The winter night of 1916 when conspirators tried to poison, shoot and drown Rasputin in a St. Petersburg house

Quick explanation

People like tidy stories about messy nights. Rasputin’s death in Petrograd in December 1916 is the opposite. In most retellings it runs like a machine: poison fails, bullets fail, drowning finishes the job. But the night inside Prince Felix Yusupov’s Moika Palace was more like a chain of decisions made under stress, with later edits. The basics are solid—Yusupov and the right-wing politician Vladimir Purishkevich were there, and Rasputin ended up dead in the Neva River area. The exact order of events, and what “worked,” is still argued because the main accounts came from the conspirators themselves.

The setting: a basement room and a political panic

The house was the Yusupovs’ palace on the Moika Canal, a short ride from the center of imperial power.
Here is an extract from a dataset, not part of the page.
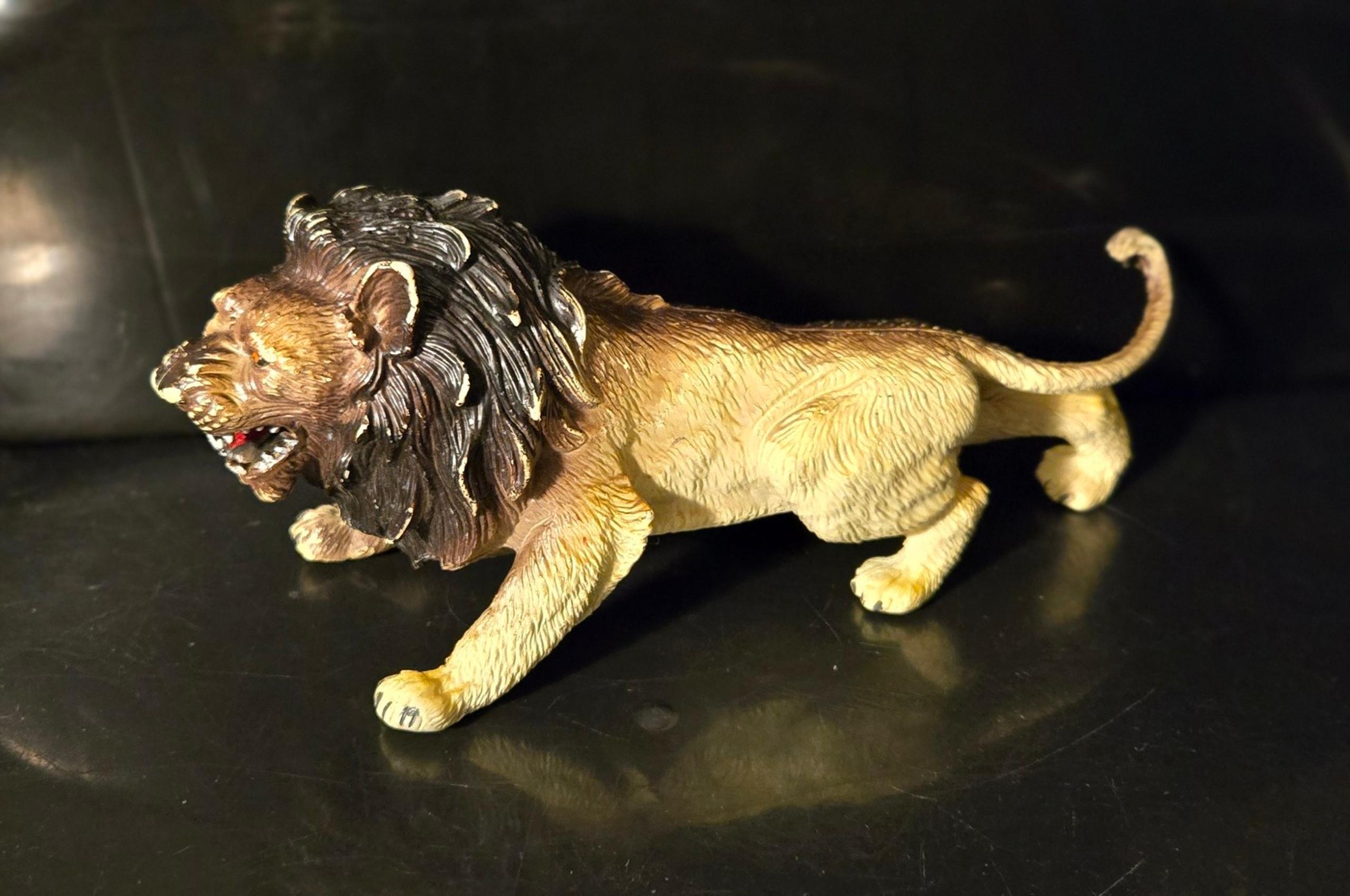 Vintage AAA Animal Action Figure Lion Red Eyes Heavy Hard Rubber Vinyl Rare HTF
The plotters weren’t random criminals. They were men with connections to the court and the Duma who believed Rasputin’s influence over Empress Alexandra was pushing Russia toward ruin during World War I. That belief mattered because it shaped their urgency. They weren’t trying to “send a message.” They were trying to remove a person they thought was steering state decisions through private access.

One overlooked detail is how theatrical the setup was. Yusupov later described arranging a downstairs room, with food and drink laid out and music playing upstairs to suggest a normal party. That kind of staging is practical. It buys time. It also creates a built-in alibi: servants or guards can be told there were guests, noise, movement. It’s hard to reconstruct what bystanders noticed because the most vivid descriptions come from men invested in the story’s drama.

The poison problem: why the famous cakes are disputed

The winter night of 1916 when conspirators tried to poison, shoot and drown Rasputin in a St. Petersburg house
Common misunderstanding

The most famous element is poison in food and wine, often described as potassium cyanide. In Yusupov’s memoir, it doesn’t work. Rasputin eats and drinks and keeps talking. That failure is what makes the story feel supernatural. The trouble is that the evidence for poison is thin outside Yusupov’s narrative, and later medical reporting didn’t settle it cleanly. Autopsy details were reported and re-reported, and some specifics vary by source.

Even if poison was present, there are mundane reasons it might not produce the expected collapse on cue. The dose could have been wrong, the poison could have degraded, or the conspirators could have exaggerated the “he wouldn’t die” part to make their actions sound more justified and their enemy sound uncanny. The poisoning scene also serves another purpose in the story: it delays the moment when they choose open violence, which makes that choice feel forced rather than planned.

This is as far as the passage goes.